Stieg Larsson's The Girl with the Dragon Tattoo is a story about a woman who is a guardian of the state because of her alleged instability. Spoiler alert. Her new guardian demands sexual acts in exchange for access to the woman's own money that he has control over. She takes revenge. The larger plot is about her involvement in an investigation of the disappearance of another woman who had been abused by family members as a teenager, family members who continue to abuse, rape, and kill women whom they think no one will miss. Partnered with a man who treats the woman as an equal, her ingenuity saves both of them from unfortunate ends. Another side plot is the abuse of the state's social net by a corporate officer of a large business who uses his power to control the women around him. What strikes me about the book is how the court system, the social institutions established to protect citizens, and the journalistic world are all ultimately in the service of those in power. The truth does not reign. It does not come to light. Money and power control others, and only the private acts of citizens bring to justice those who need to be brought to justice. A friend suggested to me that every male in the book is either someone who hates women or a feminist, but I am not convinced that any of them are feminists. The old man who searches for his lost niece didn't have the time to hear her serious life destroying concerns because he was making business decisions; the reporter investigating buries the truth because of how he might be implicated and out of loyalty. If the tenets of feminism involve and require speaking the truth against power since it requires challenging the patriarchal institutions, it isn't clear how they are feminists. But that seems to me to only point to what I think is Larsson's larger point (keep in mind, I haven't read the second book, The Girl Who Played With Fire which I understand to be more explicitly concerned with the oppression of institutions), that these institutions remaining as they are prevent us even with our best inclinations from being capable of fulfilling even our stated commitments.
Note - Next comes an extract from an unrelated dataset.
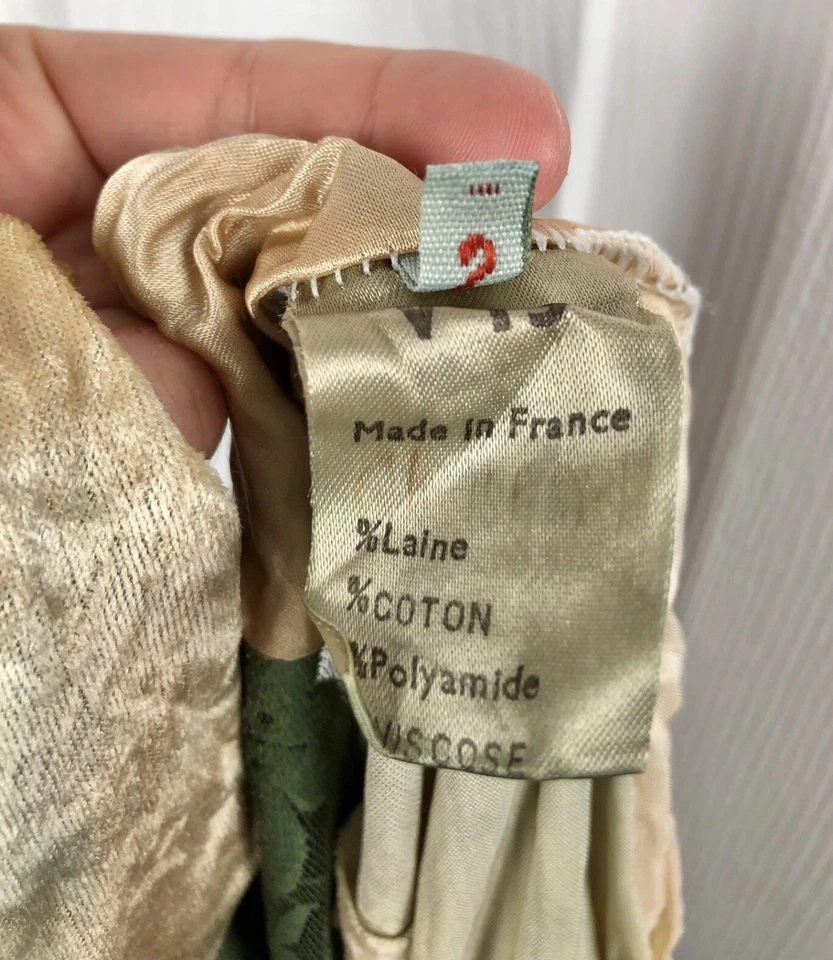 Vestido De Colección Patchwork Terciopelo Aplastado Encaje Desnudo Boho FRANCIA S M Envejecido Tie Dye Foto 3 de 4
The second story, "Iphigenia in Forest Hills," reported by Janet Malcolm in the May 3 issue of The New Yorker, is the story of the trial of Mazoltuv "Marina" Borukhova for the murder for hire of her husband. As Malcolm reports it, the entire story is a character assassination of Borukhova whose daughter had been taken from her because for the "rationale" that she was not encouraging a more fruitful relationship between her daughter and her husband, a man who abused Borukhova in front of her child as well as sexually abusing the child. Borukhova is a physician from Uzbekistan of the Bukharan Jewish sect who was regularly and rudely called "Miss" by the court instead of "Dr." Malcolm's 28-page article carefully documents the various accusations against Borukhova that seemed to add up to her-reactions-were-strange, she-is-strange, she-must-be-guilty. Jurors said things like, "She didn't show any emotion, That's kind of what did her in." She didn't act the way a mourning woman should. To document the harm that was being done to her child when she was taken away from her (which the prosecution argued was her motive for having her husband killed) Borukhova had the transfer to her husband videotaped. The wailing child who cried for a half an hour turned out to be evidence from the prosecution that the mother was heartless for taping this while it happened. No one it seems cares about the daughter. Perhaps this is why Malcolm refers to Greek tragedy in the title of her piece, reminding us of Clytemnestra who made Agamemnon pay for his sacrifice of Iphigenia. Having just read The Girl with The Dragon Tattoo, I was struck but how similar the story of the institutions who are expected to be impartial actually work against those who seek protection from them. It was precisely because Borukhova sought the protection of the state against her husband and for her daughter that she was eventually led to the position she was in (whether that's what led her to kill him or that's what led the court to wrongly convict her).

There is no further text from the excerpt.